**TASK PROMPT:** Once you know how many lines below hold "Honda", reply with that number and add nothing.

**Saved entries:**
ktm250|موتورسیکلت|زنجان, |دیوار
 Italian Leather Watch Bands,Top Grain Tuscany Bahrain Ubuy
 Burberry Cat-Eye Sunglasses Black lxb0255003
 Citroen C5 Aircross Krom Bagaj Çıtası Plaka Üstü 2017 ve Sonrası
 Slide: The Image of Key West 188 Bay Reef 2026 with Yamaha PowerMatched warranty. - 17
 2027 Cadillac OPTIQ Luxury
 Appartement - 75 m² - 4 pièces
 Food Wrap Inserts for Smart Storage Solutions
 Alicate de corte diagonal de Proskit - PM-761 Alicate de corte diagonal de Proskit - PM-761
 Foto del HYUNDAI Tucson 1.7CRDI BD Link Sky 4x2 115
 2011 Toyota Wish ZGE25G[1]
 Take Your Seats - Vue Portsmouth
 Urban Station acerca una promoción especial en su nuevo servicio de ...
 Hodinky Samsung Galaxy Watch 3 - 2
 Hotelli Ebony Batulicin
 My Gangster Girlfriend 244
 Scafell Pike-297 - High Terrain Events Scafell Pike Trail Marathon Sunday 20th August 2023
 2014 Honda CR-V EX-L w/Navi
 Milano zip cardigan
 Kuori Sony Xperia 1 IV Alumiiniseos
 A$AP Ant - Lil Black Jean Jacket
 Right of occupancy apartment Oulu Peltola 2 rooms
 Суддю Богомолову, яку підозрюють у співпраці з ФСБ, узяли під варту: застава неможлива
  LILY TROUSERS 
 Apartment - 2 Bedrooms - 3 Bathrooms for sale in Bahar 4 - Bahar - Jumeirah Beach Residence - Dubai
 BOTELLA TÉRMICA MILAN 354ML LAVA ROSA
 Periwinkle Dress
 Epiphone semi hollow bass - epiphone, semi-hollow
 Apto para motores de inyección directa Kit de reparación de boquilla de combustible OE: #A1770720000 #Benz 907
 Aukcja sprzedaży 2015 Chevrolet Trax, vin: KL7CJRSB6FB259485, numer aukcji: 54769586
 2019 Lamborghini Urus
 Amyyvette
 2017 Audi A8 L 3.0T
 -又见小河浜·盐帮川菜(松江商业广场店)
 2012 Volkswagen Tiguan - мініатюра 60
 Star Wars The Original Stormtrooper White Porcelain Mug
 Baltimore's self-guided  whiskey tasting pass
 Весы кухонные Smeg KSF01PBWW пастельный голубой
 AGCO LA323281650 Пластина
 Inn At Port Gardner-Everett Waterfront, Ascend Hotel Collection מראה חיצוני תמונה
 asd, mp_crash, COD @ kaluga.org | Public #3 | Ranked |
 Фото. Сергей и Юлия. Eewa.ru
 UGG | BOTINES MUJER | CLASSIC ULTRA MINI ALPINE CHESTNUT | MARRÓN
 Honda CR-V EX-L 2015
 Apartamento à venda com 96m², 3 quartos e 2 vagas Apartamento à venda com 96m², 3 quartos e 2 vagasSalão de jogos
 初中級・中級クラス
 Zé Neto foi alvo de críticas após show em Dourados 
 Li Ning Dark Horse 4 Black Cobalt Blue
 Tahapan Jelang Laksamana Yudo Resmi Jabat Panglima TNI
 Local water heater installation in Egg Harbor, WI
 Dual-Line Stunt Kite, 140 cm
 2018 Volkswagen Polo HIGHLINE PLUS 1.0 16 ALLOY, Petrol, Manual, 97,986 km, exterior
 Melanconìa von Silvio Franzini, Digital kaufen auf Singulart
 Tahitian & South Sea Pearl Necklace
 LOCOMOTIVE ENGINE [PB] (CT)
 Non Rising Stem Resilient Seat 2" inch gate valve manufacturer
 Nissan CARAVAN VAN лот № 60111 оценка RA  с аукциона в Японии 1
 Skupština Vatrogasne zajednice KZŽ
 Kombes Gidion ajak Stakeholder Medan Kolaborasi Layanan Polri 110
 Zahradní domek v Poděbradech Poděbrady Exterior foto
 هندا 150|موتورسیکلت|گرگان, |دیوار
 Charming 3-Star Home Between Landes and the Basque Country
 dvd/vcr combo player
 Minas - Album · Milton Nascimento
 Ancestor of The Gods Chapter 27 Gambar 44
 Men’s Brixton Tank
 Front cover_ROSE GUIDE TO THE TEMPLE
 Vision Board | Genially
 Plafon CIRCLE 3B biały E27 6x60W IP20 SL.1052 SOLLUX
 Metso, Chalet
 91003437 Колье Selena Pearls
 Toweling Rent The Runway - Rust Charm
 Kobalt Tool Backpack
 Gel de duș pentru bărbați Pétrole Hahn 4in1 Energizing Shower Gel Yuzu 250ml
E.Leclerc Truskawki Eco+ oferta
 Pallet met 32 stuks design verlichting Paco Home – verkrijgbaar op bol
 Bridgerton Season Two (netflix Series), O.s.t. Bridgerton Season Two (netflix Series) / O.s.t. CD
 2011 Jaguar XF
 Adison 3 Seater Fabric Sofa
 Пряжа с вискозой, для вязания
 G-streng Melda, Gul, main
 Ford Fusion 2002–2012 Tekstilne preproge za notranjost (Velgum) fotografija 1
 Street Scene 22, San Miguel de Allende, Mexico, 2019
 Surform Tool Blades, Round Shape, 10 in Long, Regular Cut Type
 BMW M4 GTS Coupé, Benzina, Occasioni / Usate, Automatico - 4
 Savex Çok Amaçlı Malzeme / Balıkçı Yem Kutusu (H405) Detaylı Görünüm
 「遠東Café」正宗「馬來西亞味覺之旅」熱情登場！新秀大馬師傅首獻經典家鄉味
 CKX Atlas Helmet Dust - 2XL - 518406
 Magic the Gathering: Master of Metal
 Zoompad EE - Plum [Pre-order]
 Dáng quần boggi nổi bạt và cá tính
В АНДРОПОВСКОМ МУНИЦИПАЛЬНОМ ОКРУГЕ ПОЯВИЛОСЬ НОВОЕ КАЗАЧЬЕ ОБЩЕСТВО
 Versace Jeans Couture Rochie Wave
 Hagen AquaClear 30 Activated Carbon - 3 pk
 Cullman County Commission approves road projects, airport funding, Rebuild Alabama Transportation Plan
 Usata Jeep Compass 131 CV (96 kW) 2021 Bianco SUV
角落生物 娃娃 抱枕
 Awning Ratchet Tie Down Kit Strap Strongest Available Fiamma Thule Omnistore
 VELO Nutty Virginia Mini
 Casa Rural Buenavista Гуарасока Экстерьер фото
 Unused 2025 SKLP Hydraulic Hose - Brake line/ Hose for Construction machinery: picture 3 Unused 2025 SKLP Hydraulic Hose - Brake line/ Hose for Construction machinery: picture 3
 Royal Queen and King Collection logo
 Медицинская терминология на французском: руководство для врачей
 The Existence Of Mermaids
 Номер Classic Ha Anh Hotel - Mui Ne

**RESPONSE TO THIS TASK:** 2